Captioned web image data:
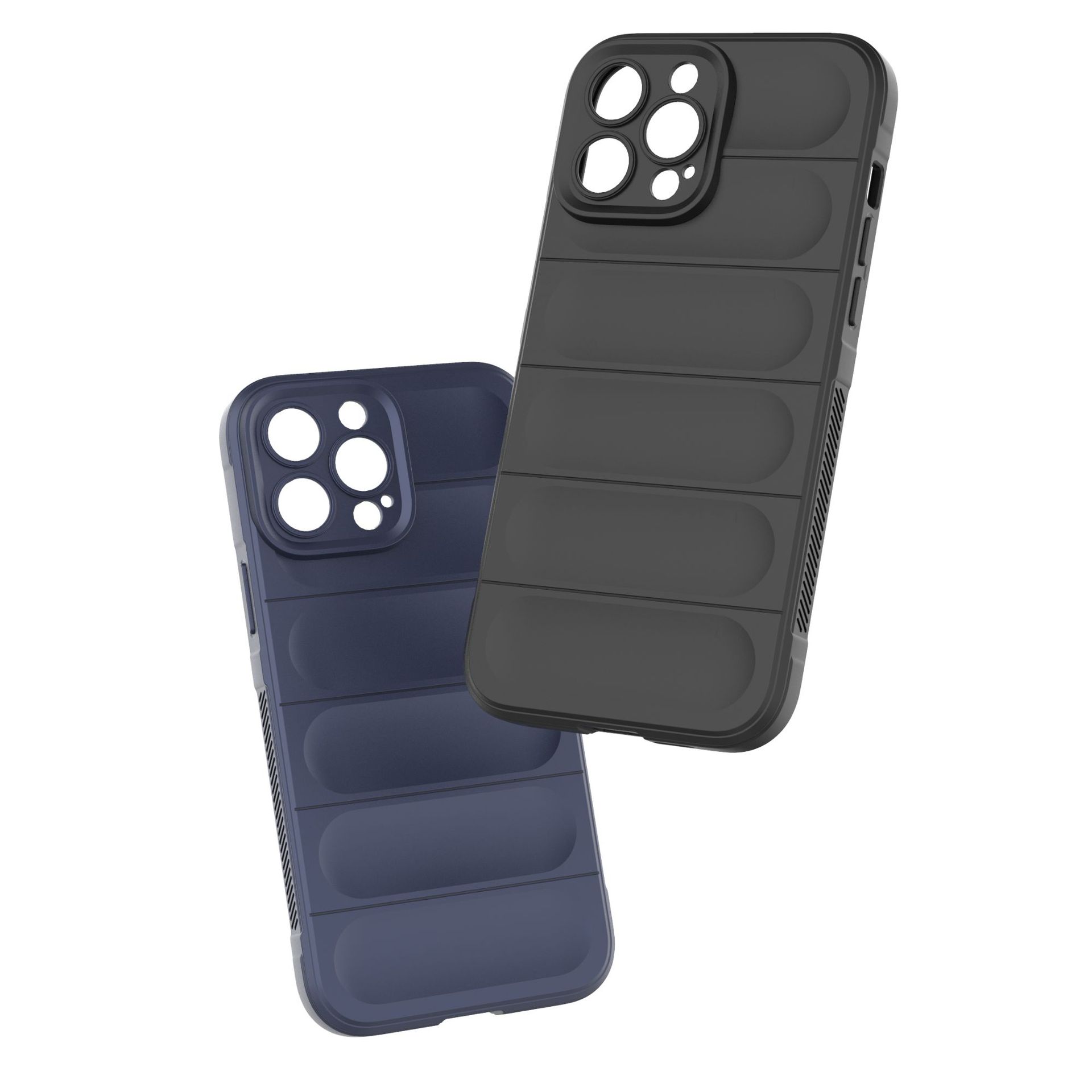 Coque de téléphone Magic Shield antichute effet peau – bleu foncé – iPhone 13 Pro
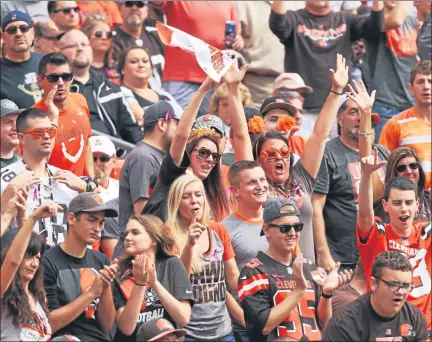  ?? TIM PHILLIS — THE NEWS-HERALD ?? Browns fans cheer during the Oct. 8, 2019 game against the Jets at FirstEnerg­y Stadium in Cleveland.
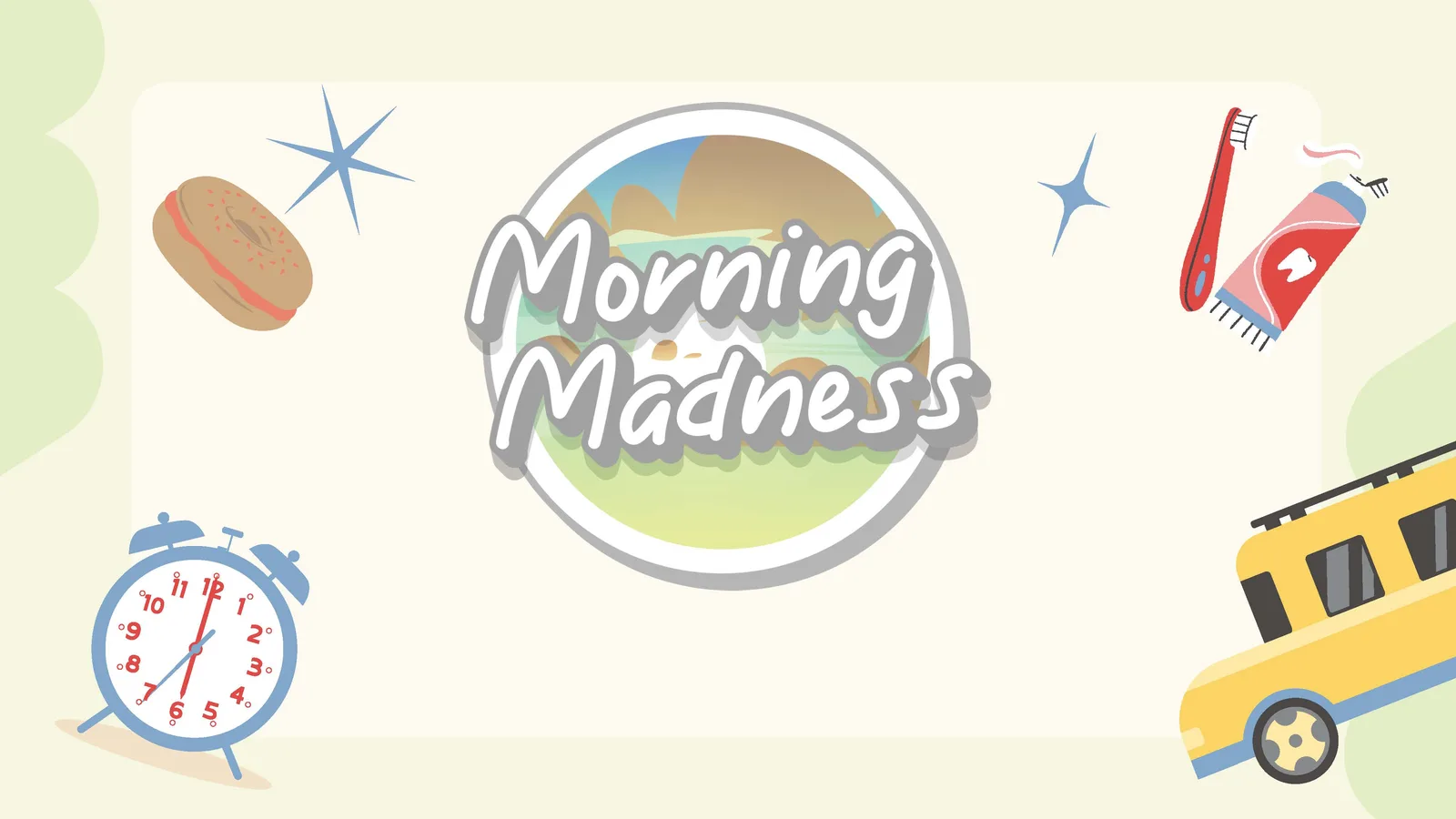 Morning Madness logo with an alarm clock and a school bus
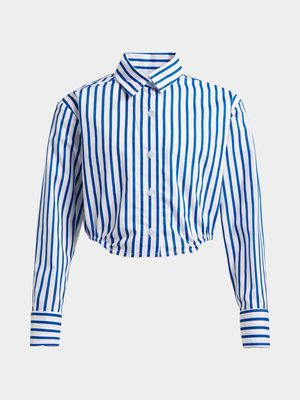 Jet Younger Girls Ble/White Stripe Shirt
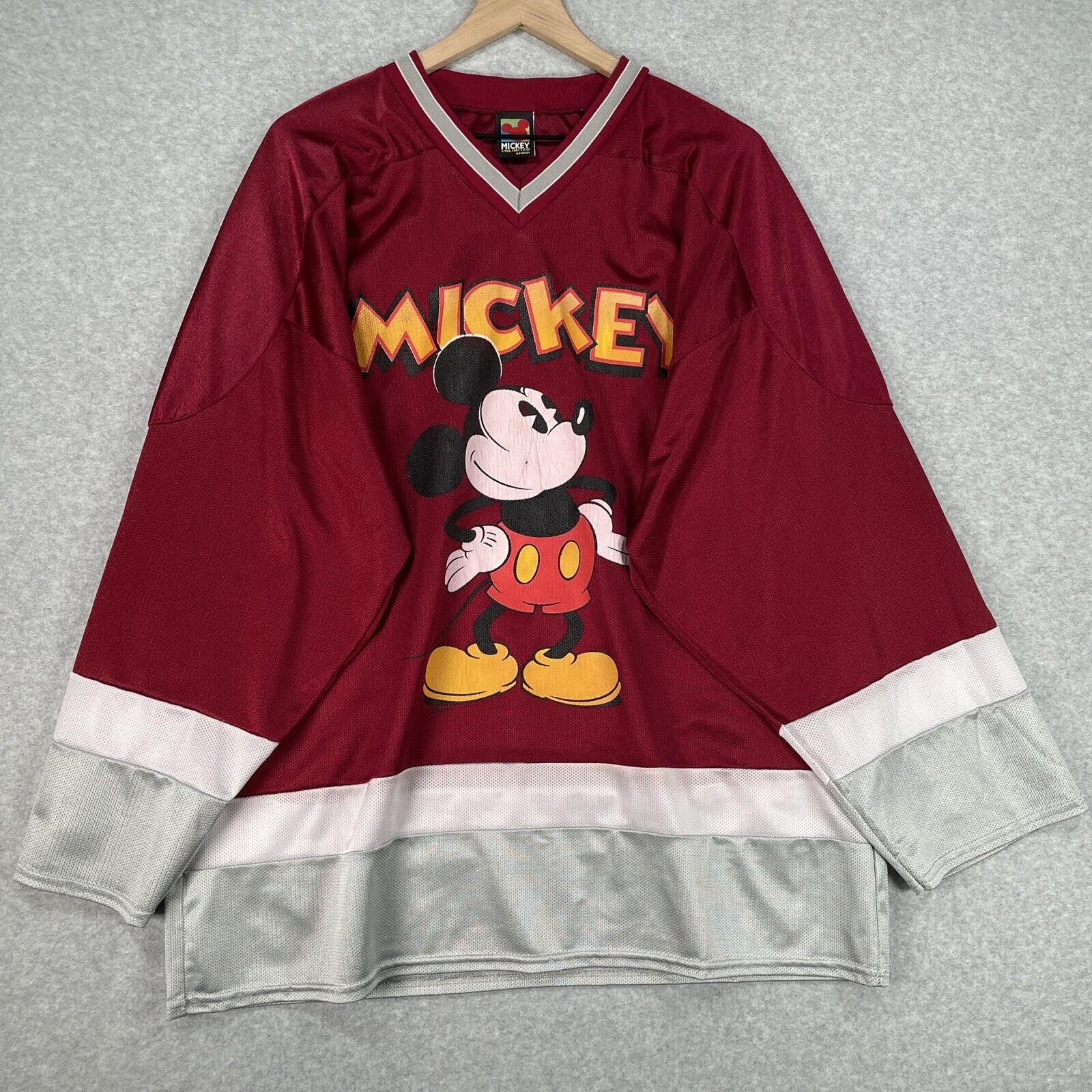 Vintage Mickey Mouse Jersey Large Red USA Hockey Micky Unlimited 90s Disney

• **Work task**
Print out each record exactly as shown, but keep the pictures out.

• **Task answer**
 Coque de téléphone Magic Shield antichute effet peau – bleu foncé – iPhone 13 Pro
  ?? TIM PHILLIS — THE NEWS-HERALD ?? Browns fans cheer during the Oct. 8, 2019 game against the Jets at FirstEnerg­y Stadium in Cleveland.
 Morning Madness logo with an alarm clock and a school bus
 Jet Younger Girls Ble/White Stripe Shirt
 Vintage Mickey Mouse Jersey Large Red USA Hockey Micky Unlimited 90s Disney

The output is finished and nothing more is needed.